Ridder van de Amervoorde
Veel teruggekeerde kruisvaarders wacht een beloning. Lijfeigenen geeft men de vrijheid. Ridders krijgen soms een landgoed in beheer. Is dat ook het geval in Amersfoort ? De reden ligt voor de hand. Na de kruistocht laait de oorlog met Gelre weer op. De Eemvallei ooit vredig midden in het Sticht, is nu grensgebied. In de loop der jaren bouwt de bisschop meerdere versterkingen om zich tegen Gelre te verdedigen, onder andere in Amersfoort, Rhenen en Ter Eem. Op de oorkonden die de Heren van Amersfoort ondertekenen staat ook hun titel; ‘miles’, of wel ridder. Een strijdbare titel die past bij de functie als commandant van de grensvesting Amersfoort. In 1119 staat als eerste ene Diederik van Amersfoort in de oorkondeboeken. Hij schenkt dan zijn goederen te Davitslaar (Davelaar onder Scherpenzeel of Daatselaar bij Renswoude ?- wh) aan zijn dochter Henrika die gehuwd is met Hugo de Botter. Deze Hugo komt ook voor in werken van Johannes de Beke (Beka) uit de 15e eeuw. En de annalen van Egmond uit de 12e eeuw noemen hem Hugo Butyrum, de “sterkste van de Dietse (Hollandse) ridders”. Butyrum is Latijn voor botter of wel boter. De oorkonde uit 1119 is volgens sommige een falsum, een vervalsing. Dit betekent niet per definitie dat de gegevens onjuist zijn. Immers ook een vervalste akte dient een doel, namelijk een bewijs te leveren. Of zoals A. De Goede het schrijft in het boekje “Eemland” (1946): ‘men placht middels falsa bestaande rechtsverhoudingen te verklaren. Hoewel de oorkonde, waarmede men dit wil aantonen, een vervalsing is, betekent dit nog niet, dat de in die oorkonde omschreven rechtsverhouding niet bestond’.

De linken
Algemeen neemt men aan dat de naam Sint Joris niet alleen de kerk siert, maar ook de kapel die er eerder staat. Aangezien de naam Sint Joris pas na de 1e kruistocht in onze gebieden bekend wordt, is de kapel na 1100 in gebruik genomen. De oorkonde met de naam Diederik van Amersfoort dateert van 1119. Vestigt de bisschop tussen deze beide jaartallen zijn hof in Amersfoort ? De Heren komen niet uit een adellijke familie. Een familienaam ontbreekt. De ridder op de hof noemt zich naar het gebied dat de naam al een eeuw of langer draagt; Heer van Amersfoort. Met de stadsrechten in 1259 krijgt Amersfoort ook een eigen stadsbestuur. De Heren verlaten daarom de stad en laten de naam achter. Zij noemen zich naar hun nieuwe kasteel: Heer van Stoutenburg.

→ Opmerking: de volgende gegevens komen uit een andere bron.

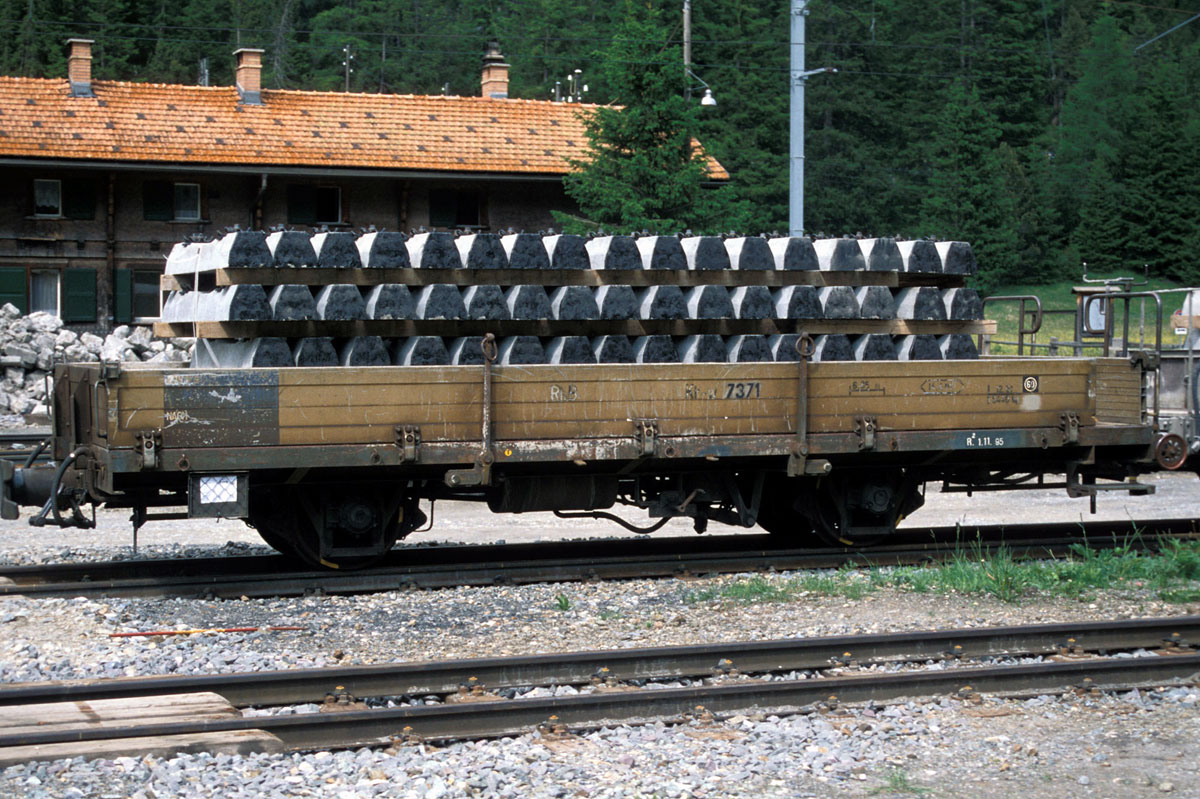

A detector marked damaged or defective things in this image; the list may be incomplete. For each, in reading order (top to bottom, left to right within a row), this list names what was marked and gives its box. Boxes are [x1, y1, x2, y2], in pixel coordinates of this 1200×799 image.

rusty metal bracket [135, 429, 163, 467]
rusty metal bracket [393, 422, 422, 460]
rusty metal bracket [444, 333, 494, 489]
rusty metal bracket [633, 417, 662, 453]
rusty metal bracket [787, 333, 816, 475]
rusty metal bracket [859, 417, 878, 448]
rusty metal bracket [1060, 410, 1080, 441]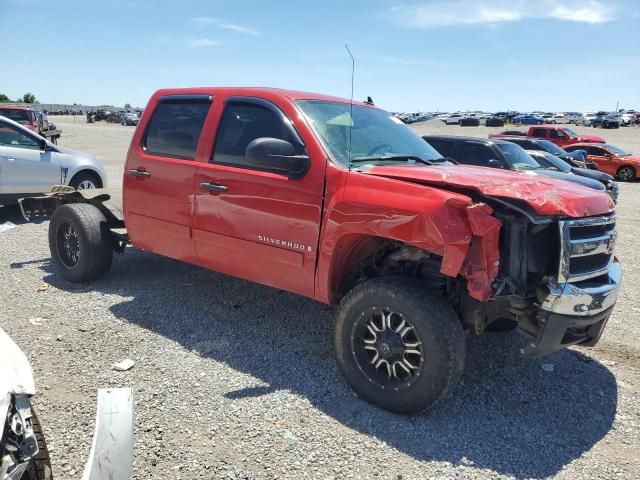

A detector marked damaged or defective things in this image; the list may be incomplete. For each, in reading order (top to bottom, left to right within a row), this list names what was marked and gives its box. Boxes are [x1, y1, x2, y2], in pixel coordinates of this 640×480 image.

crushed hood [364, 165, 616, 218]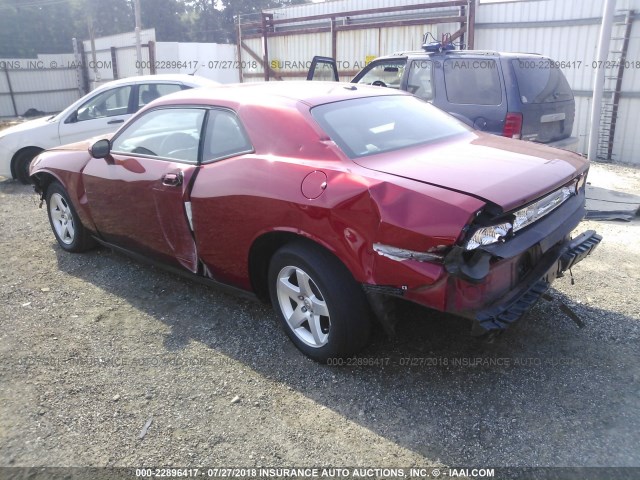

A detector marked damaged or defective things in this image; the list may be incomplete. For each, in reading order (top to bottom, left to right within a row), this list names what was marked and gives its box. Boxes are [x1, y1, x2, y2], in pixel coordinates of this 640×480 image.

damaged red dodge challenger [30, 82, 600, 360]
detached bumper [476, 231, 600, 332]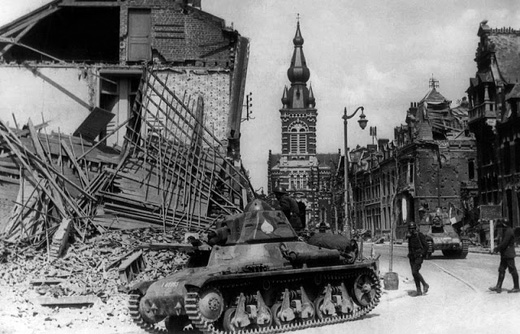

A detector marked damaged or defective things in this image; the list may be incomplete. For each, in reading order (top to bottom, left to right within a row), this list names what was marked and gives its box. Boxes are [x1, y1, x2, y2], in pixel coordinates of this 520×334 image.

damaged doorway [98, 72, 140, 147]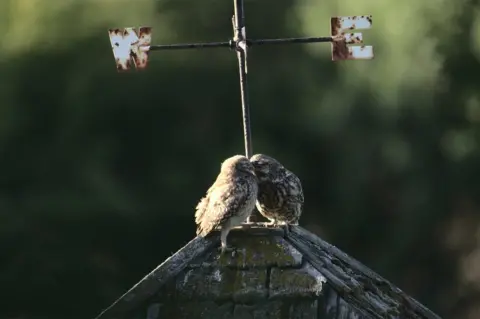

Er is nog een verwijzing naar de kruisvaart. Het wapen van Amersfoort is gelijk dat van de kruisvaarders; een rood kruis op een witte achtergrond. Of in termen van de heraldiek (wapenkunde); ‘een kruis in keel op een veld van zilver’. Gezien de impact van de kruistochten verwacht je dit wapen vaak aan te treffen. Een kruis staat immers op vele Nederlandse wapenschilden. Het wapen van Amersfoort is echter als enige gelijk aan dat van de kruisvaarders. Geen andere stad, provincie of familie heeft hem. Het wapen is gekoppeld aan de stad en is niet het persoonlijke wapen van de Heren. Dan zouden zij het hebben meegenomen naar Stoutenburg. Buiten Nederland komt het wapen vaker voor. Het bekendste zijn de vlaggen van Engeland, Georgië en Moskou.
De naam Sint Joris voor kapel en kerk, de oudste oorkonde, het stadswapen en het ridderschap van de Heren zijn vier verwijzingen naar de kruistocht. Ze geven een mogelijk verband tussen de eerste kruisvaart en de stichting van de veste Amersfoort, ergens tussen 1100 en 1119.